Git produces nested conflict markers when conflicts occur—<<<<<<< inside <<<<<<<, which is basically unreadable. I believe this is the most headache-inducing part for every human developer.
jj understands conflicts completely differently. It does not insert text markers into files, but records "this file has multiple versions, they diverge" at the data model level.
The internal representation is a conflict tree, not text, but structured data.
jj's internal representation of a conflict file (conceptual model, not actual format):
file: src/auth.rs
conflict:
base: "fn login(user: &str, pass: &str) -> bool { ... }" # Common ancestor
side_1: "fn login(user: &str, pass: &str) -> bool { # Party 1's mod
validate_credentials(user, pass)
}"
side_2: "fn login(user: &str, pass: &str) -> Result<...> { # Party 2's mod
let valid = check_password(user, pass)?;
}"
When you checkout or view this file, jj renders it into a conflict marker format similar to Git for you to see. But this is just the presentation layer; the underlying storage is structured three-party data, not text markers.
Storage Layer: Structured conflict tree (base + side_1 + side_2)
│
▼ (When you open the file, render as human-readable format)
Presentation Layer: Git-like <<<<<<< markers (Just a view, not data)
This distinction is crucial. Because structured data can be precisely manipulated by programs, while text markers can only be read by humans.
How Conflicts Are Handled During Automatic Rebase
Scenario 1: Rebase Without Conflicts
The simplest case. Two changes modify different files or different areas of the same file:
Before mod:
main: A ← B ← C
↑
You modified B to B' (e.g., changed src/auth.rs)
Auto rebase:
C depends on B. B became B'. jj automatically rebases C onto B'.
Result: A ← B' ← C'
If C modified src/config.rs (no overlap with B''s src/auth.rs)
→ C' applies cleanly, no conflict. Auto-complete, you do nothing.
Scenario 2: Rebase Produces Conflicts, How jj "Succeeds"
Here is the key. Assume B and C both modify the same area of the same file:
Before mod:
A ← B ← C ← D
↑
You modified B to B' (changed lines 10-20 of src/auth.rs)
But C also modified lines 10-20 of src/auth.rs
Git's behavior:
git rebase --onto B' B D
→ Finds conflict when processing C
→ Stop! Insert <<<<<<< markers in src/auth.rs
→ Enter "rebase in progress" state
→ Wait for you to resolve conflict and run git rebase --continue
→ D is not processed yet, suspended
jj's behavior:
jj modifies B → B', automatically rebases C and D
→ Finds conflict when processing C
→ Don't stop! Create C', where src/auth.rs is recorded as "conflict state":
conflict:
base: Lines 10-20 of src/auth.rs in version B
side_1: Lines 10-20 in version B' (your mod)

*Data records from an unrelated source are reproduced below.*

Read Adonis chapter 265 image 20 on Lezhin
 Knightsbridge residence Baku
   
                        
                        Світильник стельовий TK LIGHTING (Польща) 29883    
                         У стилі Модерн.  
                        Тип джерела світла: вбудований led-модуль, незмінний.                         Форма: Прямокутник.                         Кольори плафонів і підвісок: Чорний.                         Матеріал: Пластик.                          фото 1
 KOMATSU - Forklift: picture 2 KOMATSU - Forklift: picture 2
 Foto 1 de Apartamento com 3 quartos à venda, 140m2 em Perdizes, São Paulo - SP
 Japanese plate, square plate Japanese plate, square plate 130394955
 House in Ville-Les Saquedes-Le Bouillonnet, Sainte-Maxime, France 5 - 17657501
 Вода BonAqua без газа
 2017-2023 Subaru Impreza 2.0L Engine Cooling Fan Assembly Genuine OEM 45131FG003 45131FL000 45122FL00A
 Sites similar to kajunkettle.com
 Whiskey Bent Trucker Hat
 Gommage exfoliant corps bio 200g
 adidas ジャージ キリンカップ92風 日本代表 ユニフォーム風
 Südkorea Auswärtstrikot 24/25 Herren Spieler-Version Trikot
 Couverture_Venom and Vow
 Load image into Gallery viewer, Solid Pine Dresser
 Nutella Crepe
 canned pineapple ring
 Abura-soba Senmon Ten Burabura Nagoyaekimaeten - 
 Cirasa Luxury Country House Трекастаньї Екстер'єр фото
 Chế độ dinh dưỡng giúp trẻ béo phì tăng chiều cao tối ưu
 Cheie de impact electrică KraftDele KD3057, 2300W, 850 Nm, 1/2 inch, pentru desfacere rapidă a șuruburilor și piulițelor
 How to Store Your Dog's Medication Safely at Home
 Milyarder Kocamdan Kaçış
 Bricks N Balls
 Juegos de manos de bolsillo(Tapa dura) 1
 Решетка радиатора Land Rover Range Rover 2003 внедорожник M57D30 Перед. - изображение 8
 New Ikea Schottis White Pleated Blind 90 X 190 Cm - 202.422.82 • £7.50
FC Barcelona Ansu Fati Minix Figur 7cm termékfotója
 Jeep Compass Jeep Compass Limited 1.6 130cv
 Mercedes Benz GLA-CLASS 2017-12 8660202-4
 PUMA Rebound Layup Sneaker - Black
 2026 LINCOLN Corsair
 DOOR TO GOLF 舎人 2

side_2: Lines 10-20 in version C (C's mod)
→ C' is a "commit containing conflicts" — but it is a valid commit!
→ Continue processing D → D' rebased onto C'
→ If D didn't touch lines 10-20 of src/auth.rs, D' is clean
→ If D did touch, D' is also marked as containing conflicts
→ Operation complete. The entire rebase chain is not interrupted.
┌──────────────────────────────────────────────────────────────┐
│ Git rebase encounters conflict │
│ │
│ A ← B' ← C ← D │
│ ↑ │
│ Conflict! Stop here │
│ Status: REBASE IN PROGRESS │
│ C becomes a half-finished product with <<<<<<< markers│
│ D not processed yet │
│ You must: Resolve → git add → git rebase --continue │
└──────────────────────────────────────────────────────────────┘
┌──────────────────────────────────────────────────────────────┐
│ jj rebase encounters conflict │
│ │
│ A ← B' ← C' ← D' │
│ ⚠ ✓ │
│ Conflict recorded D' clean (if it doesn't touch conflict)│
│ in C' │
│ But C' is a │
│ valid commit │
│ │
│ Status: Operation complete. No "in progress". │
│ C' marked conflicted, you can resolve later. │
└──────────────────────────────────────────────────────────────┘
Scenario 3: How to Resolve Conflicts
When you decide to resolve the conflict in C':
bash
# Check which changes have conflicts
jj log
# Output will mark:
# ⚠ kkmpptqz (conflict) "feature: implement registration"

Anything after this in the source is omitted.